This morning, reflected on my porn use and how it has affected my life. I cried for a while. It was done so much bad for me. Depression, feeling worthless and insecure. I couldn't connect with any girl or woman in a serious way. Even when I knew I was addicted, I would try to not watch porn for a week if I knew I had a date. I knew that I would be "out of it" if I did. I would go out to bars to "meet girls" and if I had watched porn, I just wasn't there. I was numb, unfunny, cautious and insecure. It has destroyed my life so much.
All those days of lonliness and wondering why I couldn't have somebody had everything to do with obsessive use. I would spend hours and hours watching it. 6 hours, 8 hours, the whole day. If I had a day off, I would have a "morning session" - whenever i woke up to lunch time. and then an afternoon session where I watched the rest of the day. During this time, I craved so much to be loved and to love. To have someone. I didn't have a girlfriend in college. I didn't come close. My friends were always perplexed why. I'm friendly, outgoing, and charismatic. I'm good-looking, and there were always girls around me. Clearly they liked me. I remember several of them making excuses to be around me. Looks and glances that barely registered. There was a girl I sat next to in class who strongly implied to go out. I couldn't respond.
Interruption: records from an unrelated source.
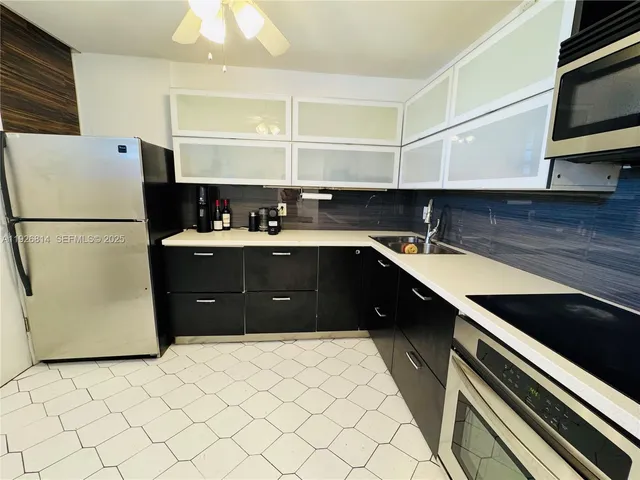 a living room with furniture and a a window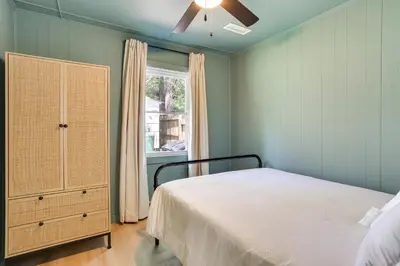a bedroom with a bed and a dresser and a window at Walk to White Lake Family Home with Deck and BBQ in White Lake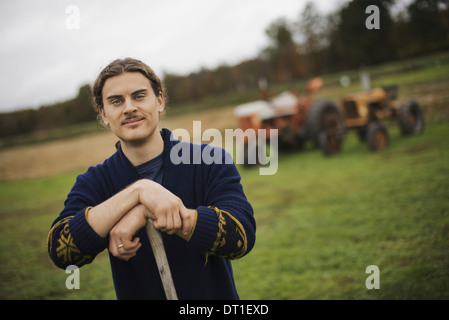 Agriculteur biologique au travail un homme s'appuyant sur une binette à jardin un tracteur à l'arrière-plan Banque D'Images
And the whole time I thought something was wrong with me. I just felt like I couldn't connect with them. It destroyed my life.
I went through a minor breakup yesterday. It wasn't too serious or bad. But it hurt. A girl I started to open up to and care for (first in a long time) shut me out. It was for the best. I've learned a good deal while being with her - about myself. I know what qualities I'm looking for. Most of all, I need a girl who accepts and loves herself before she loves me. If she does this, outside factors won't matter as much.
I blamed myself because I opened up and it hurt. But now, I'm not bitter. I'm a latin lover! That's me. That will always be me. I'm proud that I'm a romantic. The way I think, believe, and see life is based upon freedom of yourself. I'm realizing that most people don't think this way. A lot of girls aren't free - they feel bad about themselves, feel pressured to be with someone who their friends will approve of.
I found that when I was falling for this girl, my dreams became more distant. I thought that if we fell in love, I could wait longer to travel, and then we could travel the world together. Not every girl is like this. Not every person is like this. And that's ok. It has taken years for me to become this free and open and honest. It was a difficult process, and if I didn't have the specific experience I have had, I may never have found the answer to freedom. I choose it though. Looking for love isn't the answer. Just be who you are. If you are, you'll find the person because they were already walking on the same path because they thought the same way.
For example, many of my friends are successful and travel frequently. We connect and understand eachother because we see the worthlessness of working and making a paycheck. It brings no happiness. It just confines you to more purchases. You meet the most interesting people on the road. Why? Because those types of people are the ones who are dissatisfied and follow their dreams.
Follow your dreams and yourself, and you'll find someone who is doing the same along side you.
Cheers friends. Keep up the journey.